Off the Record messaging protocol has a intrinsic binding flaw in the <=2.X. It basically makes one person think they are talking to another. The new version of otr is a complete rewrite, and also is a new protocol version 2 of the otr protocol. It will however have the ability to interact with the older (<=2.X) version 1 protocol Reproducible: Always Steps to Reproduce: Information about the security flaw can be found here. http://lists.cypherpunks.ca/pipermail/otr-users/2005-July/000316.html
Created attachment 72253 [details] gaim_otr diff update
I just tested the new version with gaim 1.5.0 (won't work on gaim-2.0 yet per steev). As a new warning about protcols. You'll see the following when you connect to someone with the version 1 protocol. Unverified conversation with ${person} started. Warning: using old protocol version 1. (17:55:50) Attempting to refresh the private conversation with ${person}... (17:55:51) Successfully refreshed the unverified conversation with ${person}. Warning: using old protocol version 1.
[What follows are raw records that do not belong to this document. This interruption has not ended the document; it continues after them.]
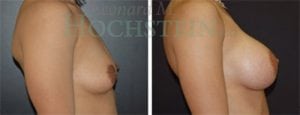 Breast Augmentation Patient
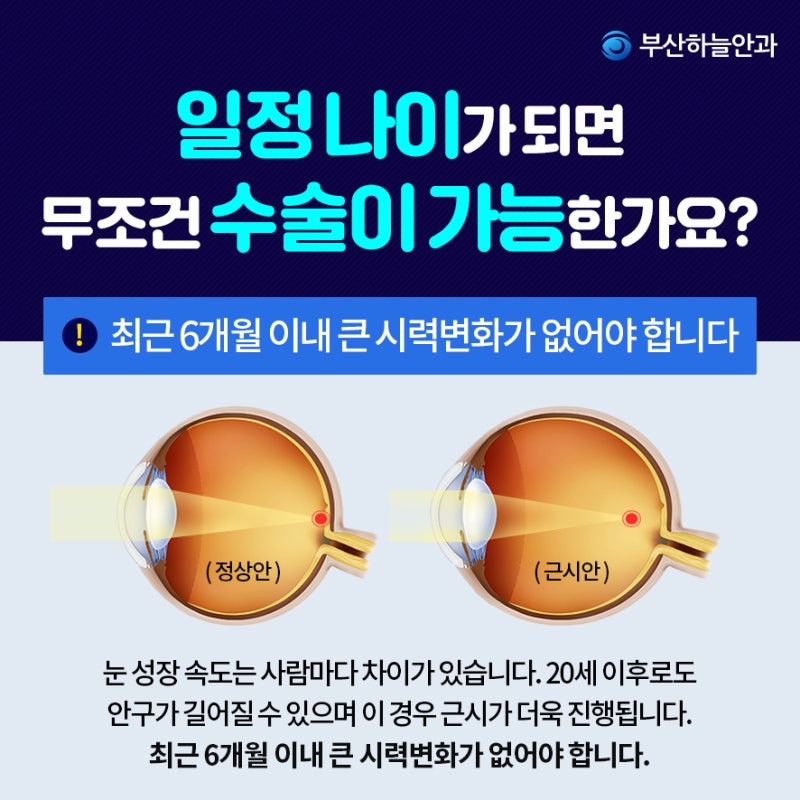 18세 19세도 라식라섹 가능할까 : 네이버 블로그 18세 19세도 라식라섹 가능할까 : 네이버 블로그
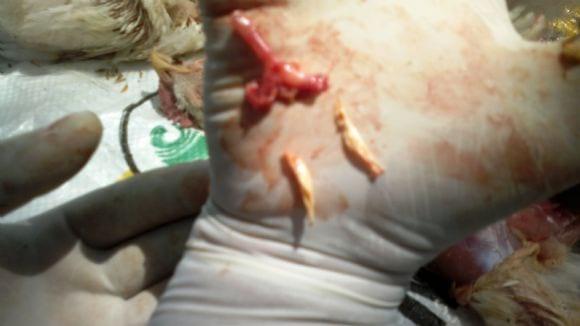 Tracheal choke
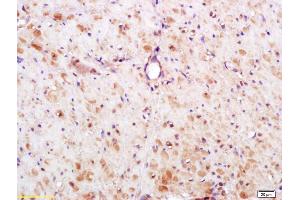 Formalin-fixed and paraffin embedded human gastric carcinoma labeled with Anti-S100A13 Polyclonal Antibody, Unconjugated (ABIN748073) at 1:200 followed by conjugation to the secondary antibody and DAB staining.
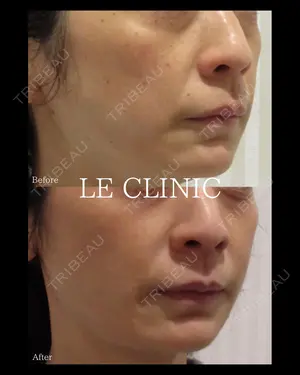 null days after image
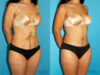 Post Bariatric Surgery (Massive Weight Loss) case #6775 slider thumbnail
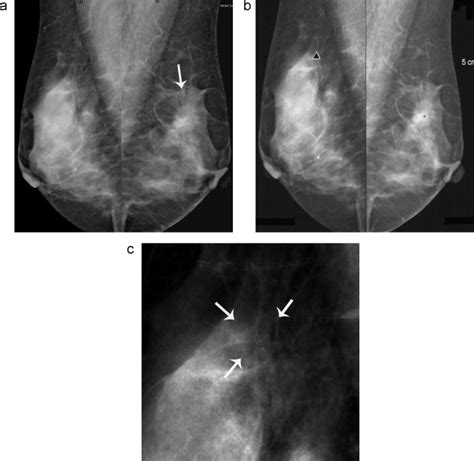 Computed Aided Diagnosis CAD In The Detection Of Breast Cancer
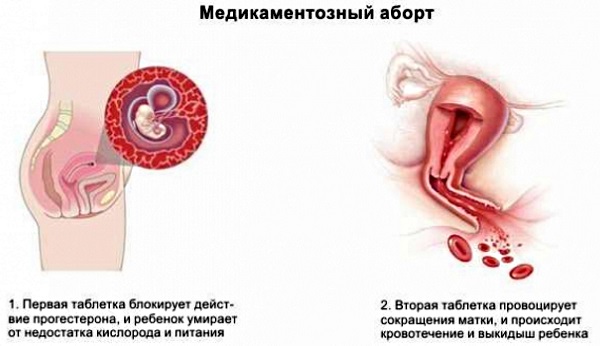 Прерывание беременности на ранних сроках. Таблетки, народные средства, процедуры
*** Bug 111716 has been marked as a duplicate of this bug. ***
*** Bug 111718 has been marked as a duplicate of this bug. ***
*** Bug 112094 has been marked as a duplicate of this bug. ***
*** Bug 112095 has been marked as a duplicate of this bug. ***
current version tarball for the gaim plugin is here: http://www.cypherpunks.ca/otr/gaim-otr-3.0.0.tar.gz link to main page: http://www.cypherpunks.ca/otr/ can someone make some ebuilds???
libotr and gaim-otr 3.0.0 committed to portage ~x86. Sorry for delay in processing.